SPIKE-04 Narrow Supervisory Comparison

SPIKE-04 compares a direct single-agent pass against the existing supervisory shell run on the same bounded OA01.x design-review task.

Experiment ID

SPIKE-04

Question

Does a tightly bounded supervisor using native subagents produce a meaningfully better result than a direct single-agent pass on the same task?

Setup

Task basis:

  • docs/architecture/agent-orchestration/supervisory-shell-trial/current-supervisory-task-brief.md

Arm A:

  • direct single-agent run
  • artifact: tmp/spike-04-direct-stdout.jsonl
  • stderr: tmp/spike-04-direct-stderr.log

Arm B:

  • existing shell-launched supervisory run
  • artifact: tmp/supervisory-shell-trial-stdout.jsonl
  • stderr: tmp/supervisory-shell-trial-stderr.log

Comparison lens:

  • usefulness of findings
  • distinctness of decomposition
  • added value versus overhead
  • operational reliability

Result

The supervisory arm produced the more useful result, but not cleanly enough yet to count as an endorsed default workflow.

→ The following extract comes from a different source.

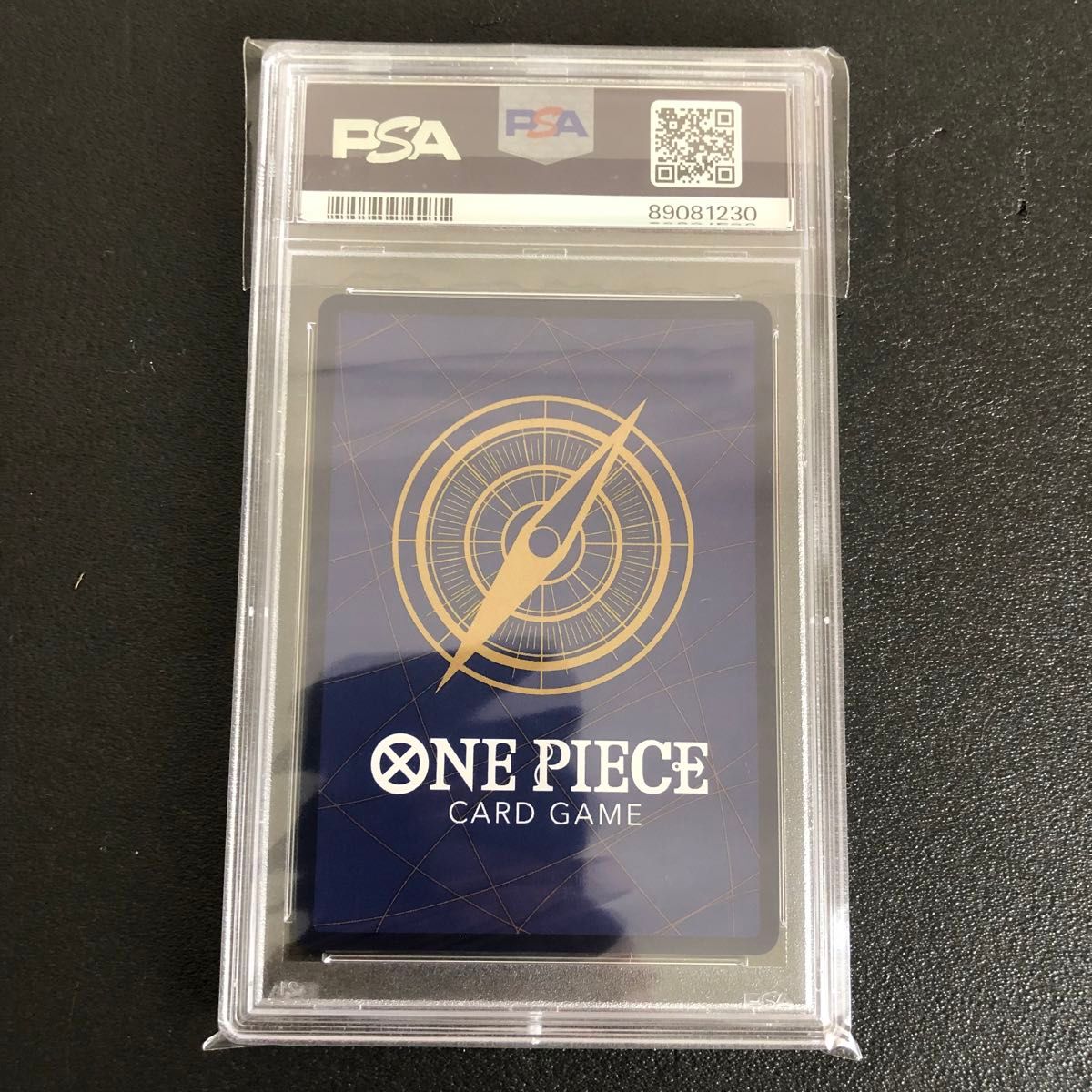 ワンピースカード ミホーク フラッグシップ優勝 psa10 日本版 ワンピースカード ミホーク フラッグシップ優勝 psa10 日本版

Why the supervisory arm was stronger:

  • it produced three distinct critique workstreams
  • the workstreams converged on a tighter set of structural issues
  • the final synthesis was sharper about pruning and next experiment shape
  • it surfaced one important capability constraint directly: inherited fork-context spawning was not dependable in that launch mode

Why the direct arm still matters:

  • it was simpler
  • it completed cleanly
  • it produced a competent high-level critique without coordination overhead
  • it did not depend on any subagent behavior

Practical judgment:

  • direct single-agent use is the cleaner baseline
  • supervisory use has higher upside
  • current supervisory value depends on explicit-context delegation rather than trusting inherited context

Useful Artifacts

  • tmp/spike-04-direct-stdout.jsonl shows a clean direct critique with no collab_tool_call events
  • tmp/supervisory-shell-trial-stdout.jsonl shows real delegated workstreams and a stronger synthesis
  • tmp/supervisory-shell-trial-stderr.log captures the main supervisory reliability issue: parent-rollout fork-context failure during the first spawn strategy

Comparison Summary

Direct arm strengths:

  • simpler and more reliable
  • no subagent failure mode
  • adequate output quality for a bounded design review

Direct arm weaknesses:

  • less evidence of differentiated exploration
  • less pressure-testing from multiple angles
  • weaker signal about whether supervision itself adds value

Supervisory arm strengths:

  • better decomposition
  • stronger convergence on pruning moves
  • more informative next-experiment recommendation
  • direct evidence about native subagent constraints

Supervisory arm weaknesses:

  • higher overhead
  • failed initial spawn strategy
  • dependence on explicit repo/task context in delegated prompts

Conclusion

The current evidence favors continuing supervisory experimentation, but only in a very bounded form.

The supervisory path has enough upside to keep testing because it produced a better result than the direct pass on this task. But it is not yet clean or robust enough to replace direct-agent workflow as the default.

Next Action

Proceed to SPIKE-05 and formalize the minimum artifact bundle needed for a useful comparison run.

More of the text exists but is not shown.